__Required work__
For this item, repeat the material exactly while omitting its pictures.

__Available data__
——————————

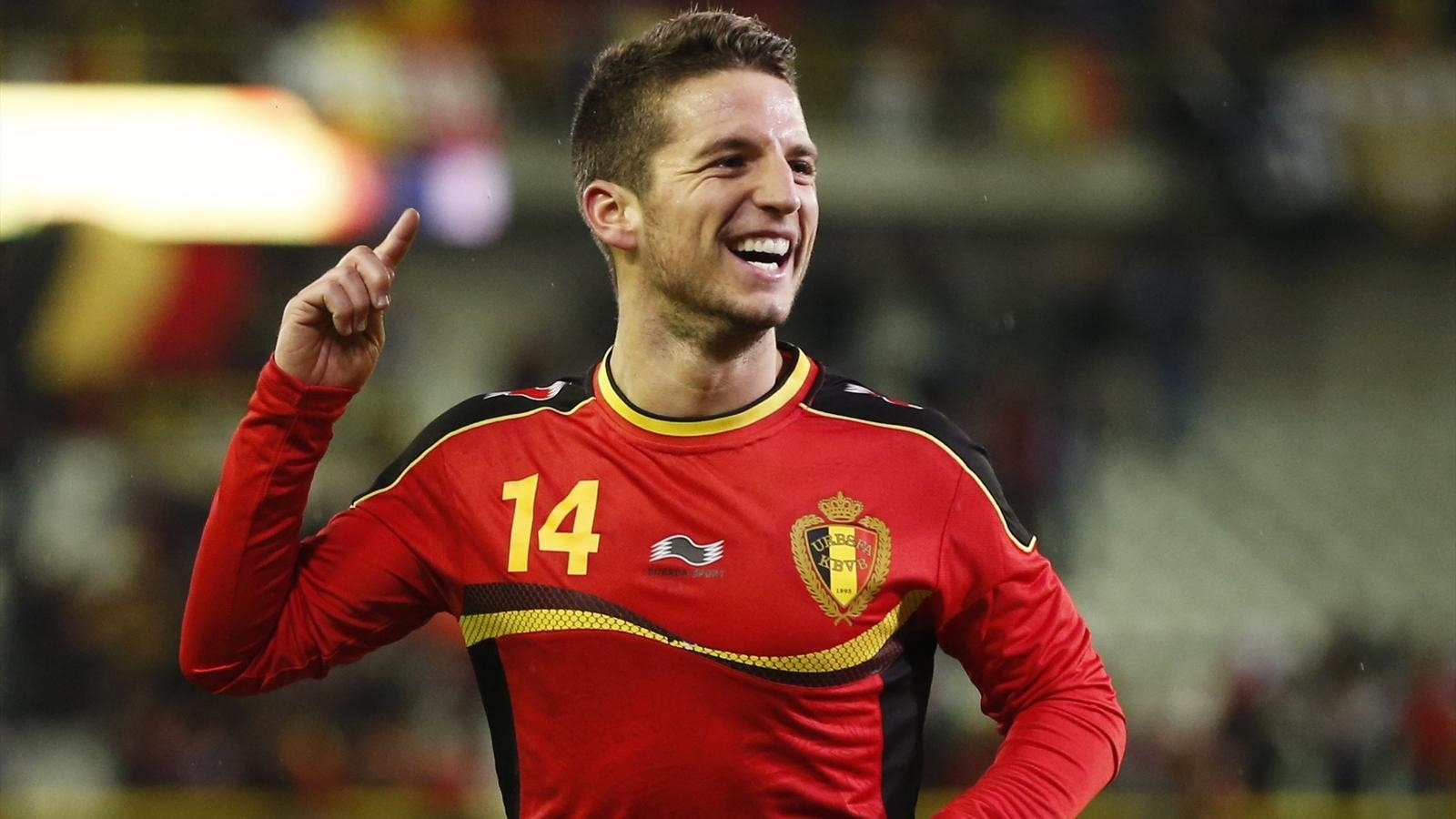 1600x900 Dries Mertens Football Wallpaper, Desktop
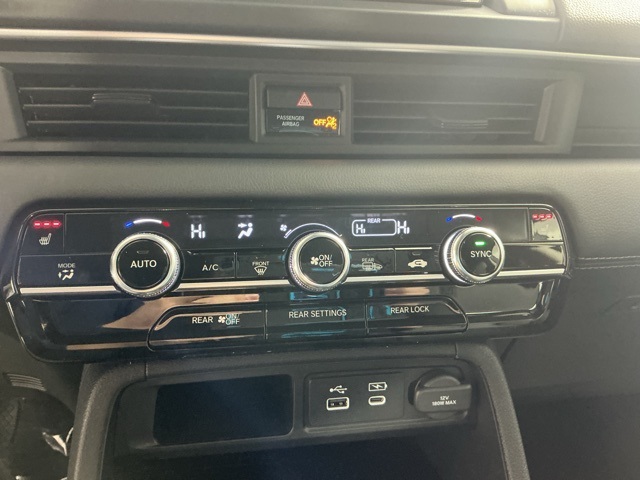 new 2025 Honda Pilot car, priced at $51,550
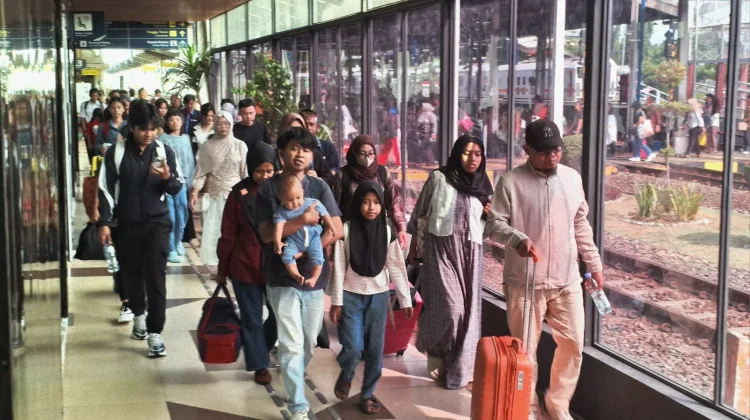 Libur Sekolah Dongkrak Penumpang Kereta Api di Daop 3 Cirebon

——————————

__Answer space__
 1600x900 Dries Mertens Football Wallpaper, Desktop
 new 2025 Honda Pilot car, priced at $51,550
 Libur Sekolah Dongkrak Penumpang Kereta Api di Daop 3 Cirebon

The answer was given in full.